» Try it: With pictures excluded, repeat exactly the lines from the one containing "This home has" through the last line of the material below.

» Supplied material:
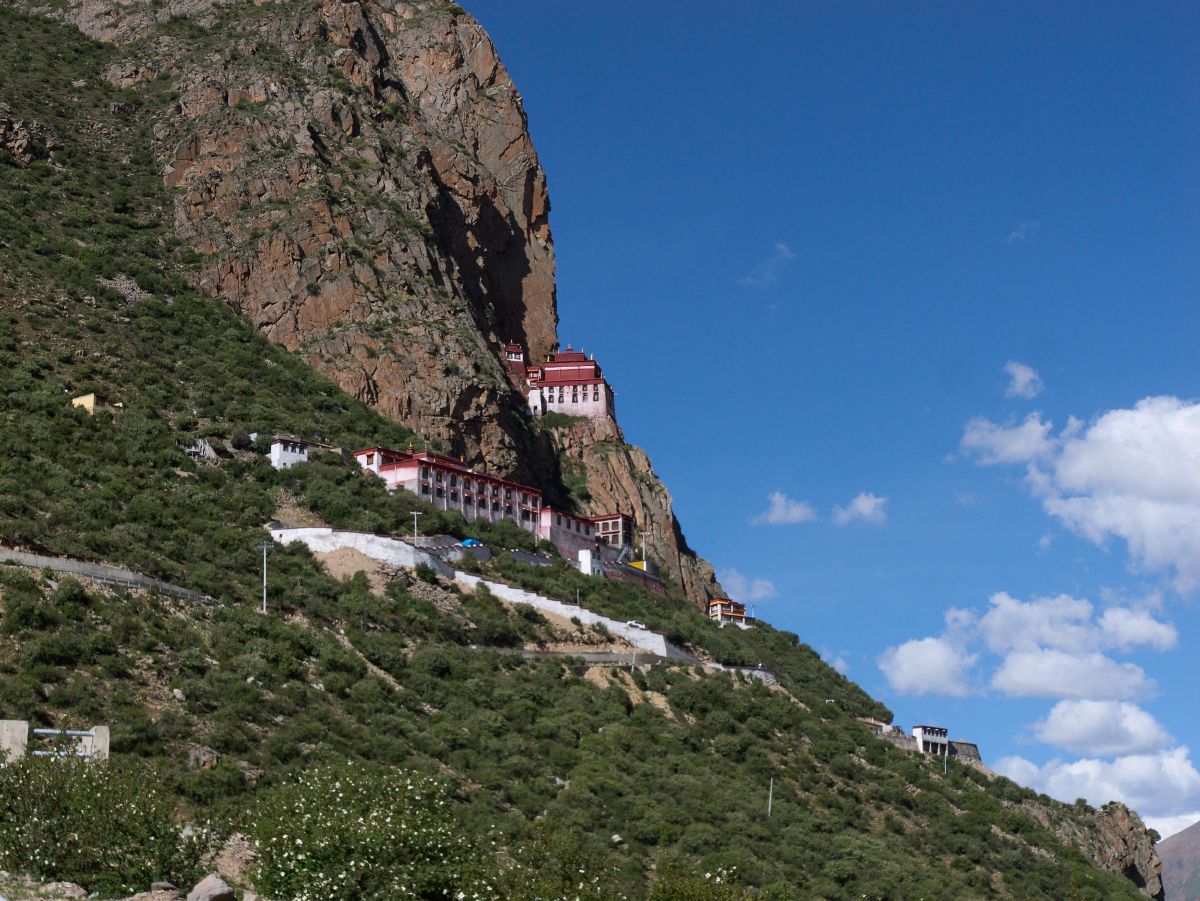 A traditional Tibetan monastery complex built into the side of a steep rocky cliff with red-roofed buildings and white walls cascading down the mountainside near Lhasa.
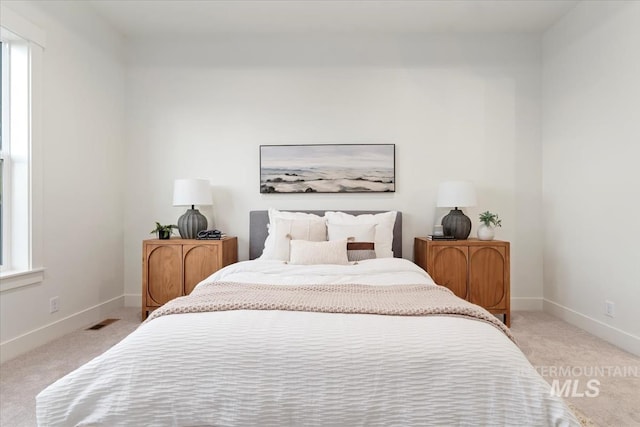bedroom with visible vents, baseboards, and light colored carpet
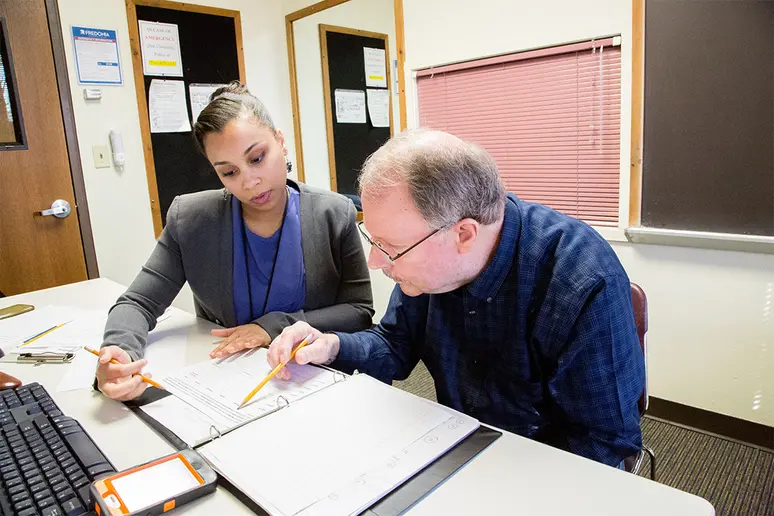 Staff of the Henry C. Youngerman Center work with a client.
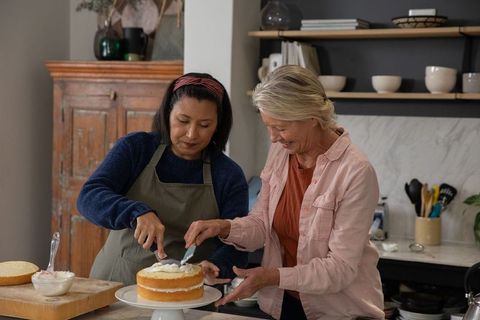 Mature friends frosting rustic vanilla layer cake in cozy home kitchen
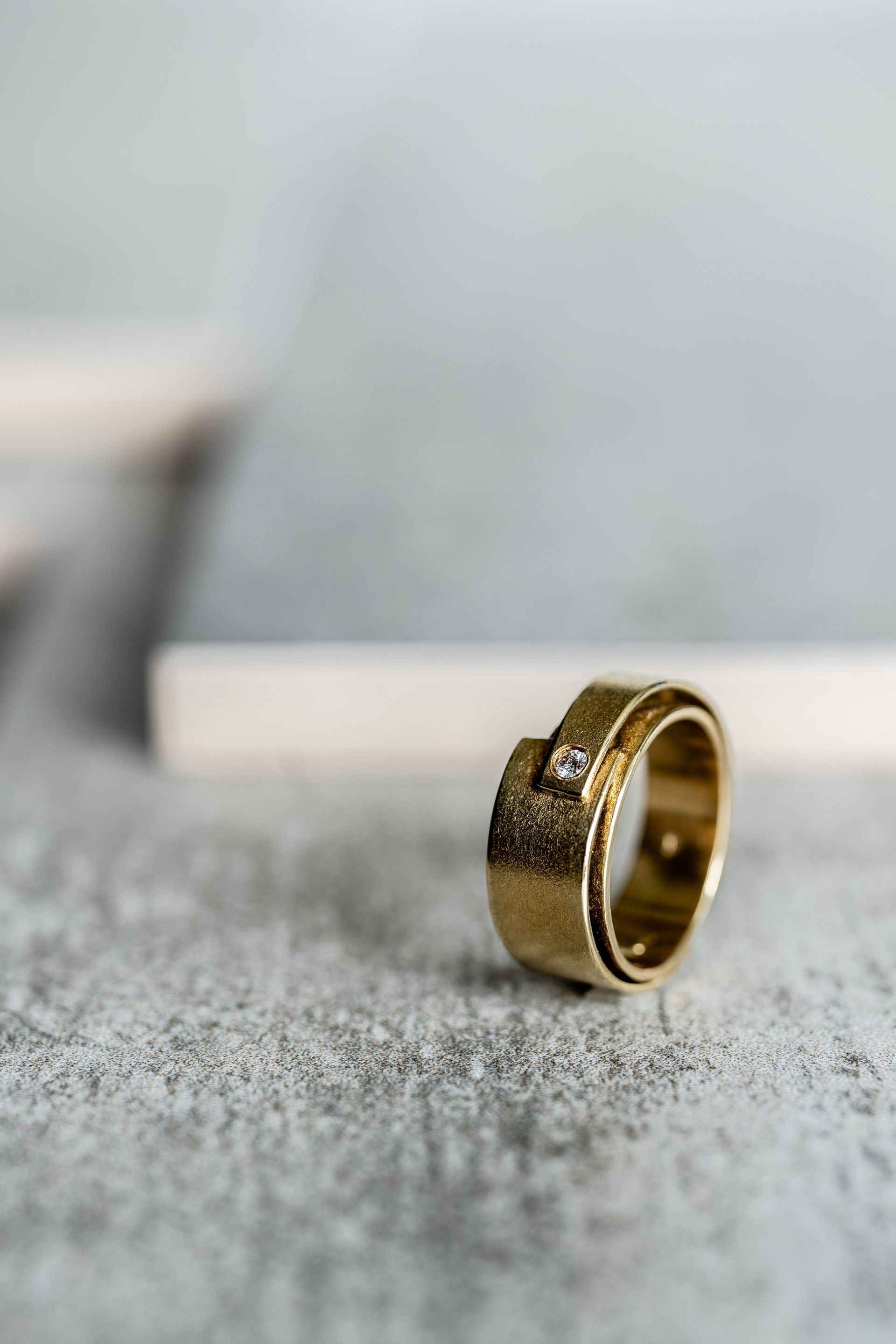 Gouden ring met structuur en een kleine vierkante edelsteen, rustend op een grijs oppervlak.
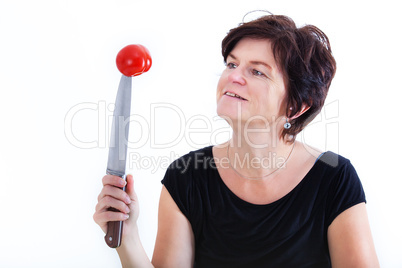 Woman with knife looks at skewered tomato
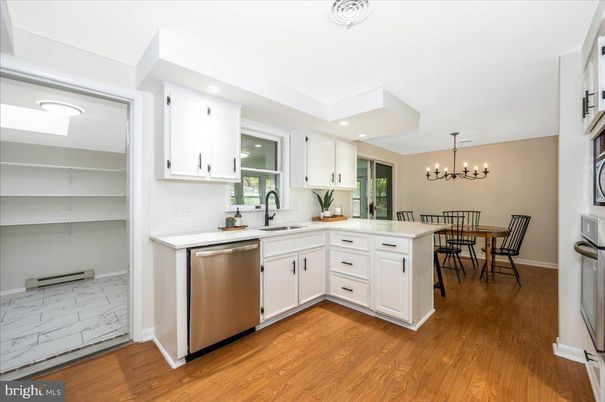 Chandelier, Dining room, Interior, Kitchen, Marble, Recessed Lighting, Stainless Steel Appliances, Wood Texture Flooring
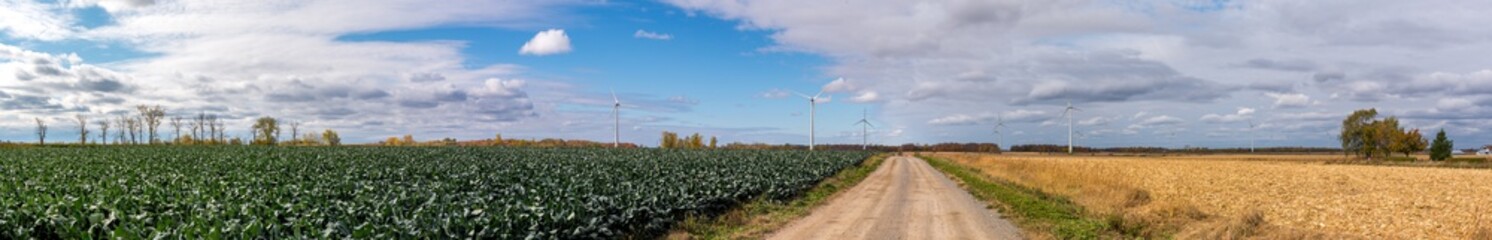 Panoramic view of wind turbine in Quebec agricultural area at late fall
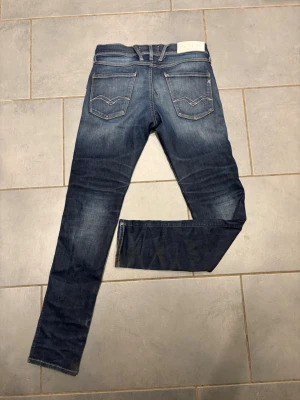Blå jeans från Replay med kontrastsömmar - Snygga blå jeans från Replay med klassisk femficksmodell och ljusa kontrastsömmar. Bakfickorna har coola broderade detaljer och tvätten ger en avslappnad vibe. Perfekta för dig som gillar en tidlös men trendig look. Model: replay hyperflex anbass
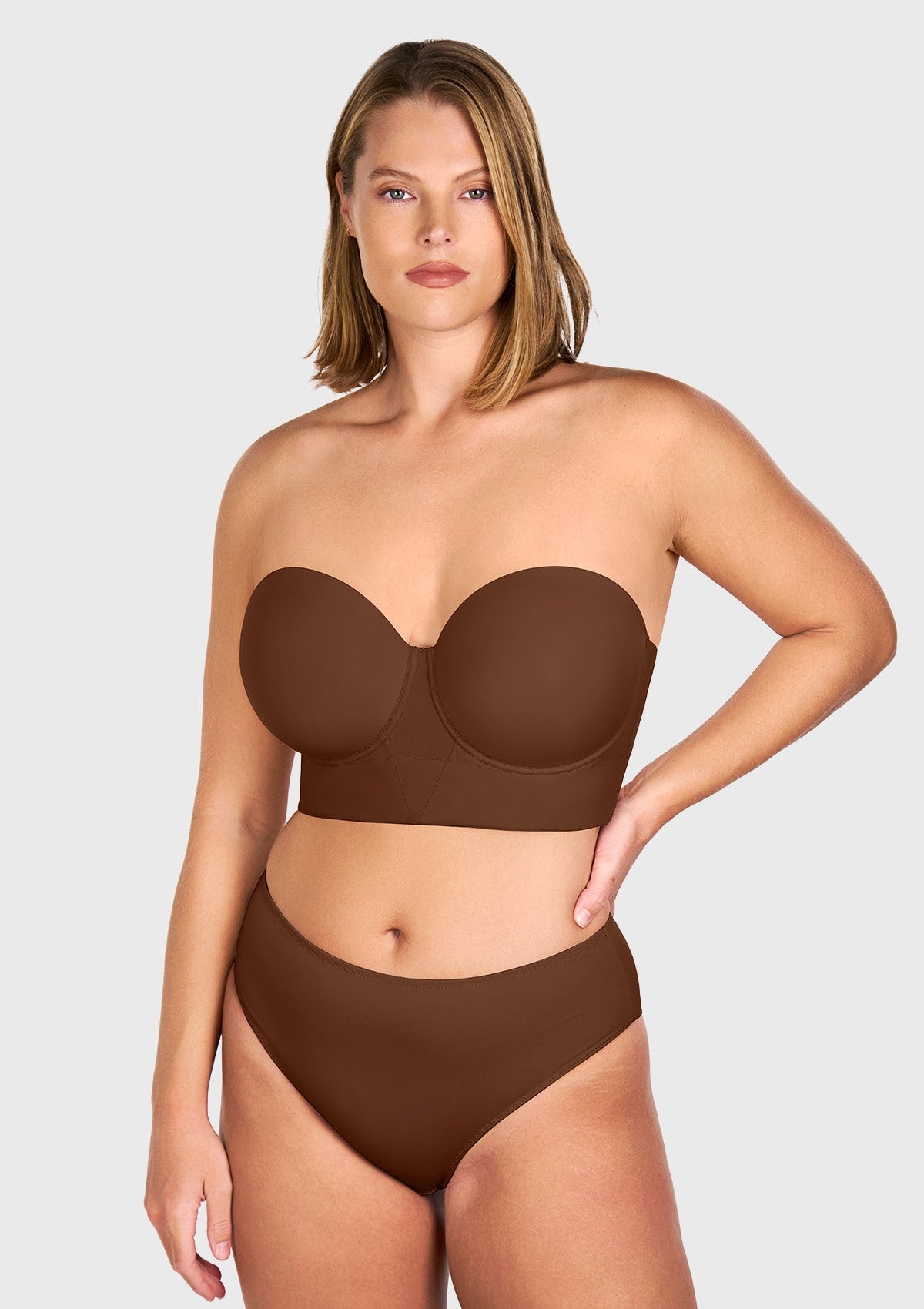 Front view of the coffee brown longline strapless balconette bra, acting as the perfect invisible nude bra for darker skin tones.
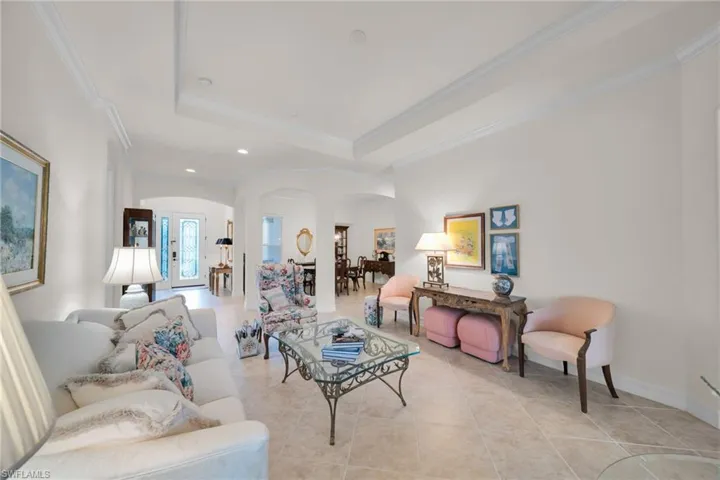 Living area featuring arched walkways, light tile patterned floors, ornamental molding, a tray ceiling, and recessed lighting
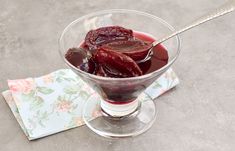 a glass bowl filled with fruit on top of a table next to a napkin and spoon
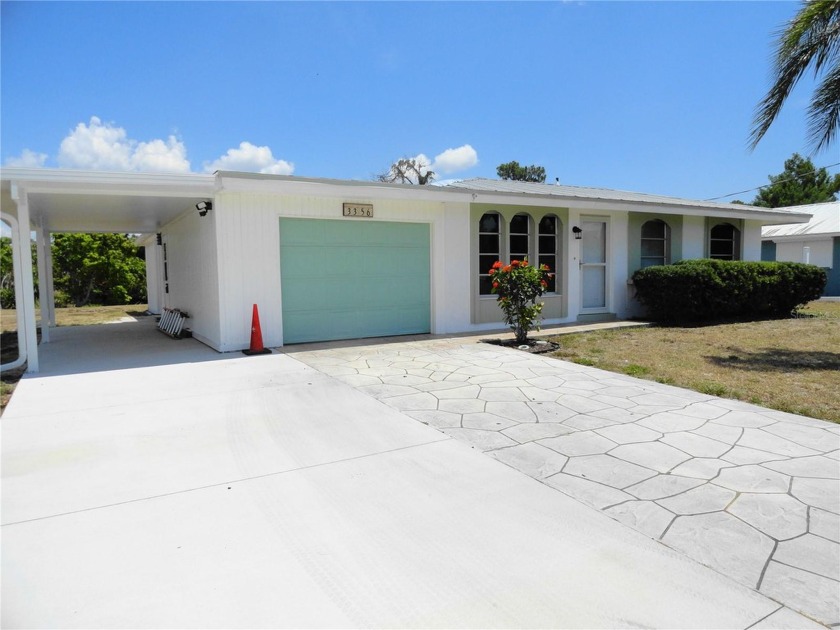 This home has it all!  A canal with a deck to sit on down by the - Beach Home for sale in Port Charlotte, Florida on Beachhouse.com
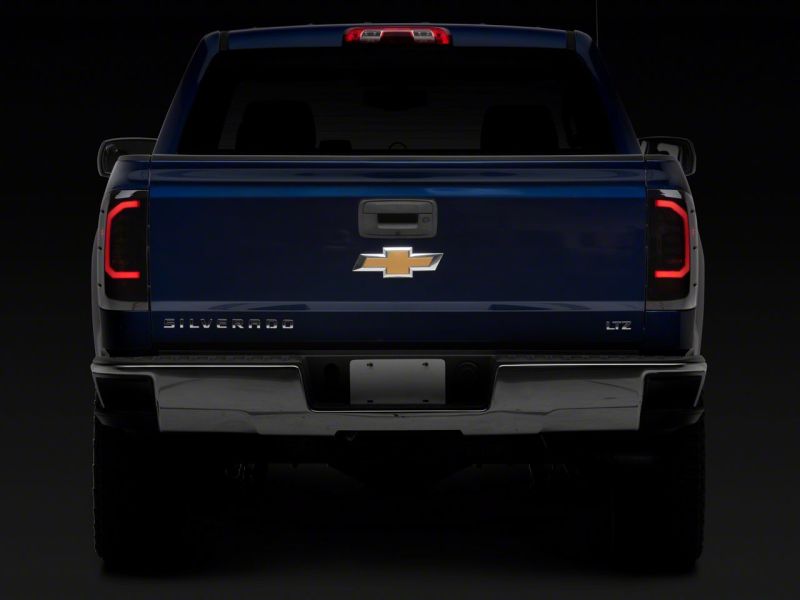 Raxiom 14-18 Chevrolet Silverado 1500 Axial Series LED Tail Lights- Black Housing (Smoked Lens) thumbnail 9
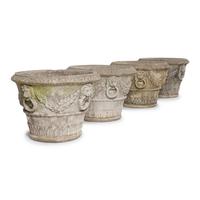 A Set of Four Cast Stone Jardinières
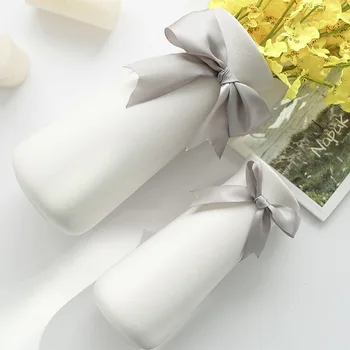 Modern White Ceramic Vase Wedding Decoration With Bowknot Home Vase for Wedding Medium Size Smooth Surface 23cm
Modern White Ceramic Vase Wedding Decoration With Bowknot Home Vase for Wedding Medium Size Smooth Surface 23cm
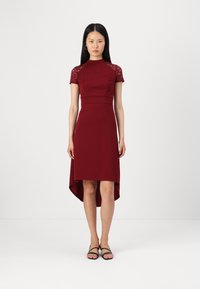 Rochie burgundă cu mâneci scurte din dantelă și tiv asimetric. Țesătură fină cu un corset ajustat și detalii subtile de cusătură. Purtați cu sandale negre plata.
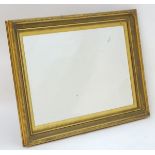 A large mirror with a moulded gilt surround and bevelled edge. 44" wide x 34" high. Please Note - we
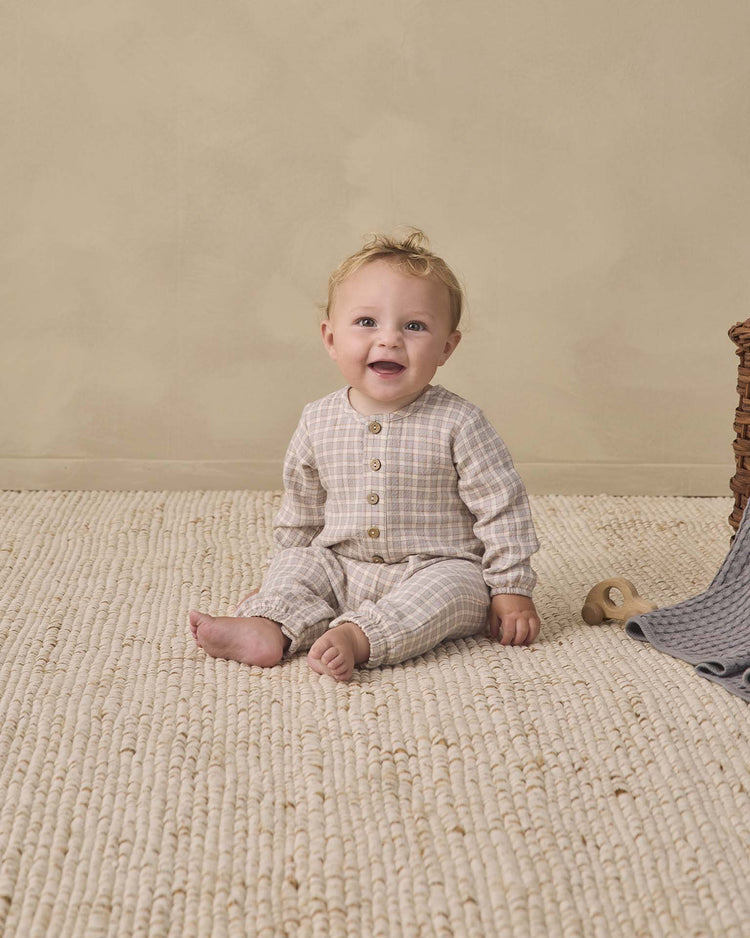 A baby wearing the quincy mae woven jumpsuit in blue gingham sits smiling on a textured cream rug, with a wooden toy and a gray blanket nearby. The background is a plain beige wall.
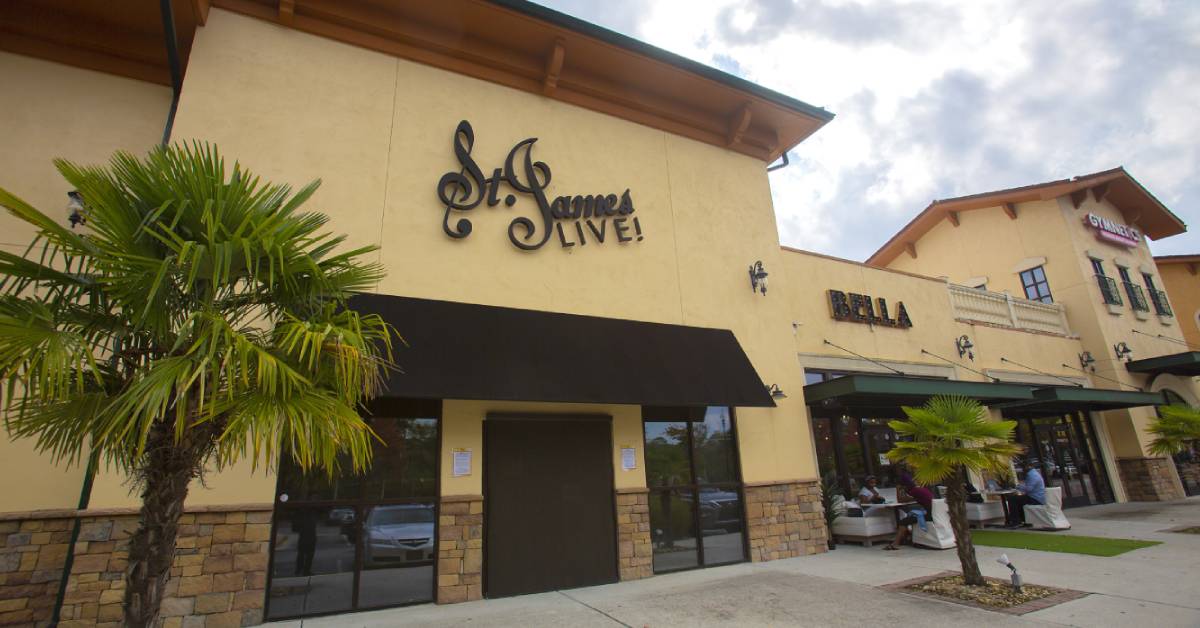 Exterior of a building with _St. James Live!_ sign and palm trees in the foreground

» Your solution:
 This home has it all!  A canal with a deck to sit on down by the - Beach Home for sale in Port Charlotte, Florida on Beachhouse.com
 Raxiom 14-18 Chevrolet Silverado 1500 Axial Series LED Tail Lights- Black Housing (Smoked Lens) thumbnail 9
 A Set of Four Cast Stone Jardinières
 Modern White Ceramic Vase Wedding Decoration With Bowknot Home Vase for Wedding Medium Size Smooth Surface 23cm
Modern White Ceramic Vase Wedding Decoration With Bowknot Home Vase for Wedding Medium Size Smooth Surface 23cm
 Rochie burgundă cu mâneci scurte din dantelă și tiv asimetric. Țesătură fină cu un corset ajustat și detalii subtile de cusătură. Purtați cu sandale negre plata.
 A large mirror with a moulded gilt surround and bevelled edge. 44" wide x 34" high. Please Note - we
 A baby wearing the quincy mae woven jumpsuit in blue gingham sits smiling on a textured cream rug, with a wooden toy and a gray blanket nearby. The background is a plain beige wall.
 Exterior of a building with _St. James Live!_ sign and palm trees in the foreground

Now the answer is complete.